The idea of A/B tests is to try to isolate things. You're not going to get
perfect data all of the time and you'll likely need to retry experiments
with more focus until you can be assured your tests are accurate, but this
is definitely doable in live deployments.
I used editing as an example, but you're right in that it's difficult to get
reliable metrics for a lot of editing actions (though it should be a bit
easier in VE). That's of course why I gave a search example previously,
which is much easier to isolate. In fact, most reader based tests should be
pretty reliable, since the reader feature set is much smaller and the number
of readers is massive. This topic is about skin changes, btw ;).
> Knowing that something occurs isn't the same as knowing why. Take the
English Wikipedia editor decline. There has been a lot of good research on
this subject, and we have confidently identified a set of factors that are
likely contributors. Some of these can be directly measured: the decreased
retention rate of newcomers; the effect of early, negative experiences on
newcomer retention; a measurable increase over time in phenomena (like
reverts, warnings, new article deletions) that likely cause those negative
experiences. But none of us who have studied the editor decline believe that
these are the only factors. And many community members who have read our
research don't even accept our premises, let alone our findings.
>
The best way to solve a complex problem is to first understand the problem
(which you've done through research), then to break it down into small
actionable parts (you've already mentioned them), then to tackle each
problem by proposing solutions, implementing them in a testable way and then
seeing if the results are positive or not.

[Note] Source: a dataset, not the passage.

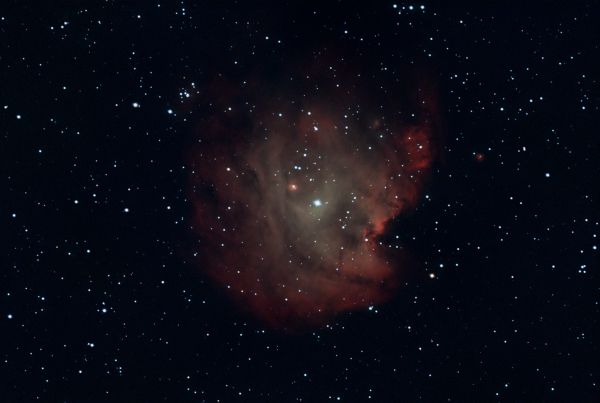 NGC2175 - Astrophotography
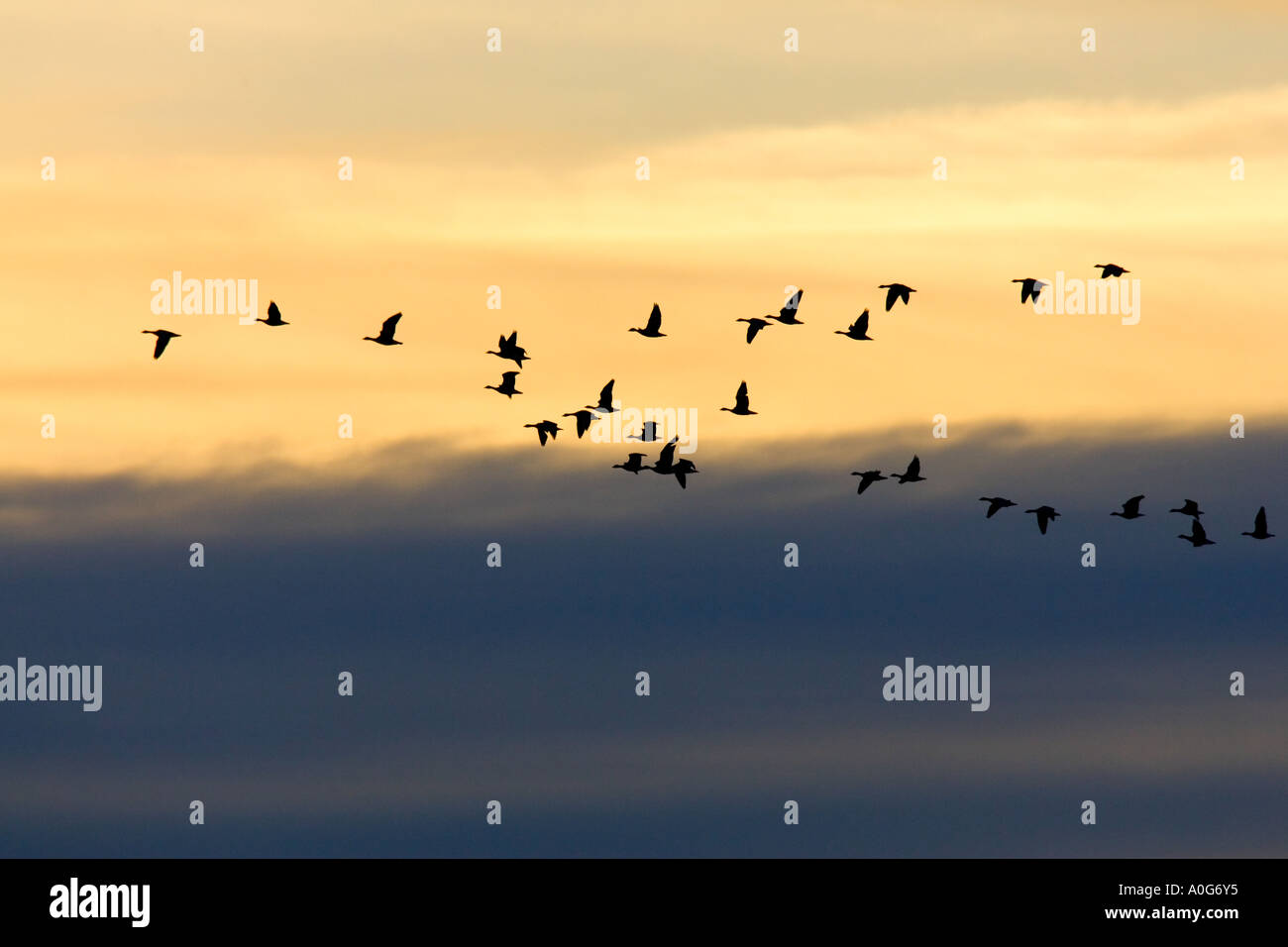 White-fronted Gans Anser Albifrons im Flug mit schönen Wolkenbildung und abends leichte norfolk Stockfoto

The results of changing the warnings had pretty strong indications that the
new messages moved the retention numbers in a positive way, right? Why
shouldn't we trust the data there? If the data wasn't good enough, is there
any way to make them more accurate?methodology.
Until the very, very recent past there wasn't even the ability to measure
the simplest of things. There's no real-time or close to real-time
measurements. There's no health dashboards for vital community metrics.
There's no experimentation framework. Since there's no experiment framework
there's no run-time controls for product managers to run A/B tests of
feature flagged features. There's very few analytics events in MediaWiki.
I don't want to sound negative, because I understand why all of this is the
case, since analytics has been poorly resourced, ignored and managed into
the ground until pretty recently, but Wikimedia isn't at the level of most
early startups when it comes to analytics.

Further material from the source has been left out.